◆ **Problem description**
Any picture must be dropped, but each line of the data should be duplicated exactly.

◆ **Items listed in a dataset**
== Segment start ==

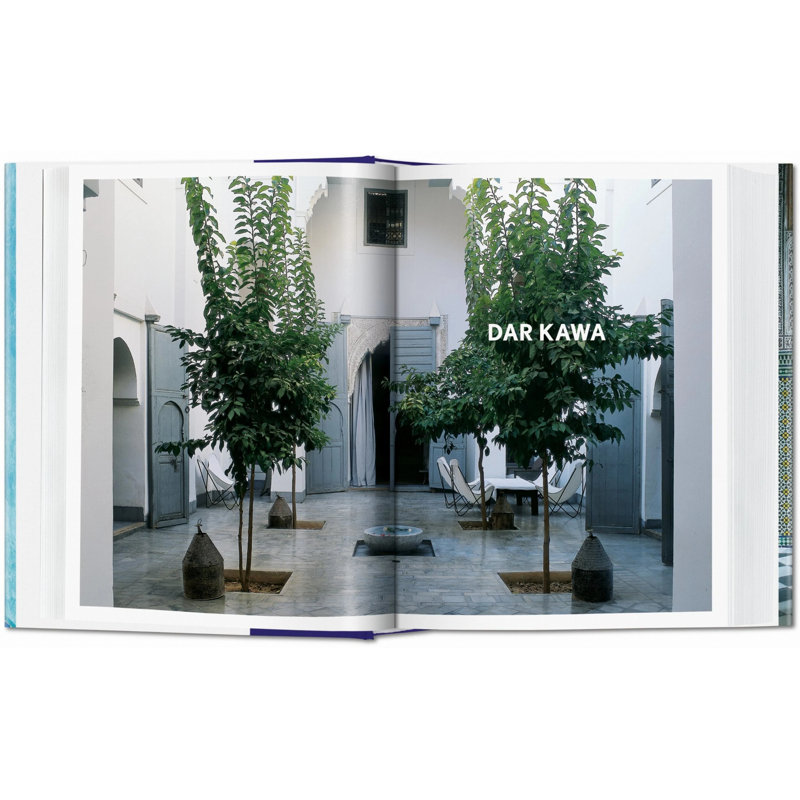 Living in Morocco. 45th Ed.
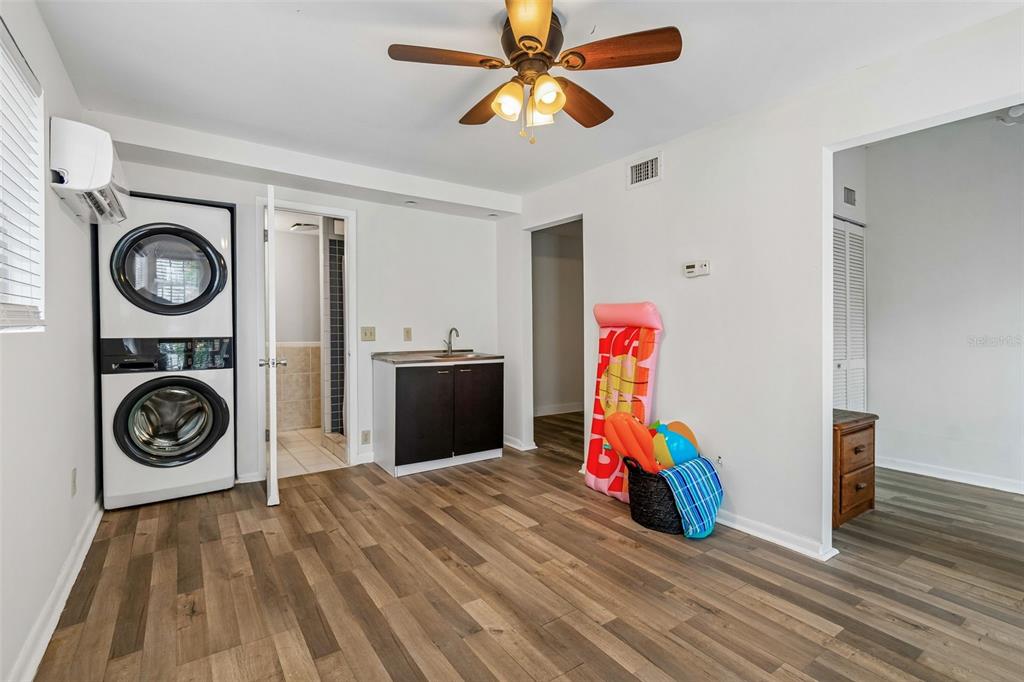 2434 West Prospect Road Tampa, FL 33629 - Photo 40 of 45 a room with wooden floor and entryway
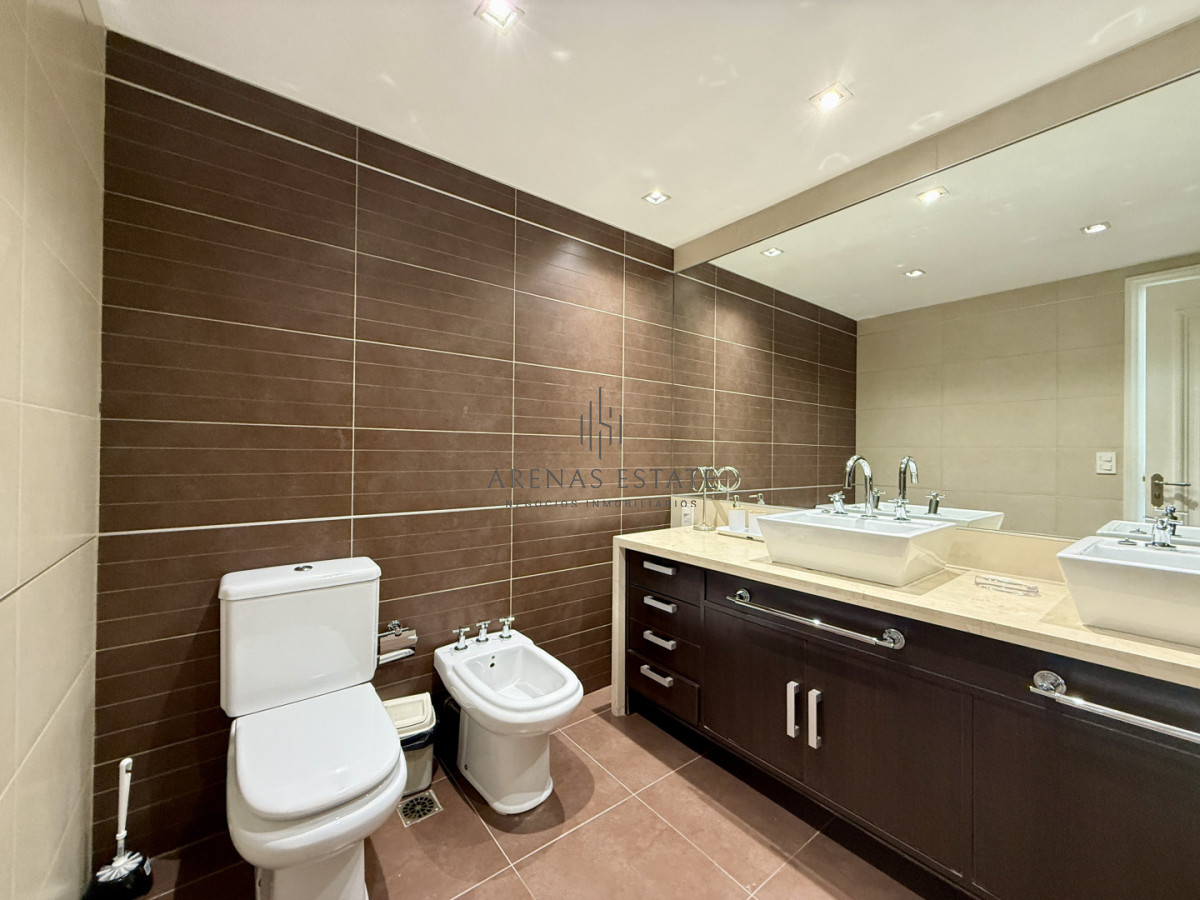 Apartamento ID.4309 - Apartamento en venta en Edificio Imperiale , Punta del Este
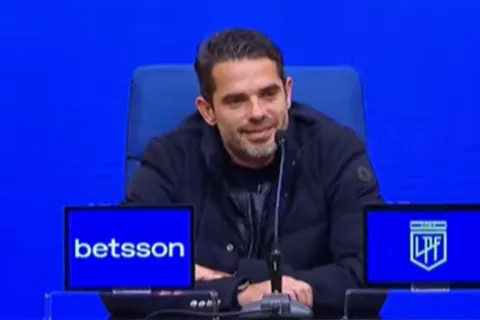 El inesperado comentario de una periodista que descolocó a Gago en conferencia: "Otros no lo hacen"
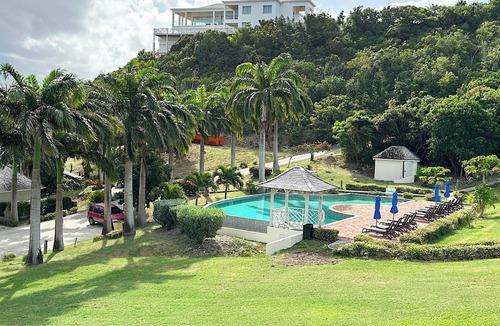 Freetown Apartment | Breathtaking Views Private 1 Bed Villa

== Segment end ==

◆ **Output**
 Living in Morocco. 45th Ed.
 2434 West Prospect Road Tampa, FL 33629 - Photo 40 of 45 a room with wooden floor and entryway
 Apartamento ID.4309 - Apartamento en venta en Edificio Imperiale , Punta del Este
 El inesperado comentario de una periodista que descolocó a Gago en conferencia: "Otros no lo hacen"
 Freetown Apartment | Breathtaking Views Private 1 Bed Villa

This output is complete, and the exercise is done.